Increased cooperation among departments, however, doesn't mean code enforcement will be used as an excuse to get at other criminal activity, Caldwell said.
"It is incumbent upon us to strictly adhere to code compliance," Caldwell said. "It's not going to be used as a pretext to get to other issues."
The underlying theory
The guiding principle for Norfolk's -- and now Roanoke's -- aggressive code enforcement was first popularized in a March 1982 Atlantic Monthly article by George Kelling and James Wilson titled "Broken Windows."
The authors wrote that serious crime stemmed from failing to enforce lesser offenses, such as allowing broken windows to remain on an abandoned property. The theory set off a revolution in looking at code enforcement issues. In the 1990s, then-New York Mayor Rudolph Giuliani and his police chief put the theory into action and cracked down on everything from evading subway fares to public drinking. New York's crime rates fell significantly.

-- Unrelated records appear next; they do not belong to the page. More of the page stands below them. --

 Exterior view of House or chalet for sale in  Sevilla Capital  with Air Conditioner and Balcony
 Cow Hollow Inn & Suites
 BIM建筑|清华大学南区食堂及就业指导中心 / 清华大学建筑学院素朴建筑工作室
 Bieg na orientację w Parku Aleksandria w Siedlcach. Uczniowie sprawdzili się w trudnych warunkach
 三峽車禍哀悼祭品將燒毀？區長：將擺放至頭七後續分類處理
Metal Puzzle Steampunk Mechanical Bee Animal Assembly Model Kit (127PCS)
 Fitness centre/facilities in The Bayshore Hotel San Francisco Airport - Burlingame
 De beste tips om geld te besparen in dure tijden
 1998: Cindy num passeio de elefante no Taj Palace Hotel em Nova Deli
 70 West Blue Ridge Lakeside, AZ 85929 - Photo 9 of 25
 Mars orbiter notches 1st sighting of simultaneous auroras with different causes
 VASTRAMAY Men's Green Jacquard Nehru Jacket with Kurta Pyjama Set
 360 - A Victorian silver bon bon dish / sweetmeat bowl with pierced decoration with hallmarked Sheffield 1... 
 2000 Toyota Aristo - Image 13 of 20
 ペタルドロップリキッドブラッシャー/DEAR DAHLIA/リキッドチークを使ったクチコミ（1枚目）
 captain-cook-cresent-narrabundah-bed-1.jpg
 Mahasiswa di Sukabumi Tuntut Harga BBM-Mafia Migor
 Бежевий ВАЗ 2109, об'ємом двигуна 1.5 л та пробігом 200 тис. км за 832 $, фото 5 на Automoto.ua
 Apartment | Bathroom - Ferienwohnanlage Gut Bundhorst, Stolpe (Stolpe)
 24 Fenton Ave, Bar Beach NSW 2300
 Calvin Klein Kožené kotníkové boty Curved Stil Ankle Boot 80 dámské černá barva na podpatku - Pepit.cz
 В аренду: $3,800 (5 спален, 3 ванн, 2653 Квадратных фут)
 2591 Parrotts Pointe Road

More recently, however, academics have debated some of the theory's pitfalls. A 2004 study by Harvard University professor Robert Sampson and University of Michigan professor Stephen Raudenbush, published in Social Psychology Quarterly, raised some eyebrows. After a comprehensive look at 196 census tracts in Chicago and a survey of more than 3,000 randomly selected people, the study found that people's perception of disorder was linked to a neighborhood's race and class makeup rather than the actual level of disorder. The findings held more or less true across racial lines: whites, blacks and Latinos all made those observations.
"That's why people can see three black kids on a corner and automatically assume" it's a problem, Sampson said in a recent phone interview.
"Whereas they see three white kids, they don't think about it. Whether people perceive disorder to be a problem is not a function of how much disorder there is but who lives in the neighborhood," he said.
Weber said he doesn't see certain neighborhoods getting branded as having more disorder because of who lives in them.
"People of all races are getting involved and asking us to do this," Weber said. "The worst criticism is for them to say we're neglecting an area."
Future plans
Roanoke city officials say there will be plenty of activity in the coming months and years.
"We're taking baby steps," said Rakes, the fire marshal. "We wanted to roll out three things and do them at 90 percent instead of 10 things at 25 percent."
Stephens, the prosecutor who will be dedicated full time to these issues, is planning on a busier schedule in the coming months as the city looks to prosecute more offenses.
"A lot of this is going to be feeling our way as we go along," Stephens said.
Future plans also call for the city to look at more solid waste issues and eventually find a way to better enforce zoning ordinances.
Caldwell said he's proud the city didn't get aggressive on code enforcement in response to a major problem and community uproar. The city could be a leader in the Roanoke Valley, Caldwell said.
"What we're doing now," he said, "everybody better look."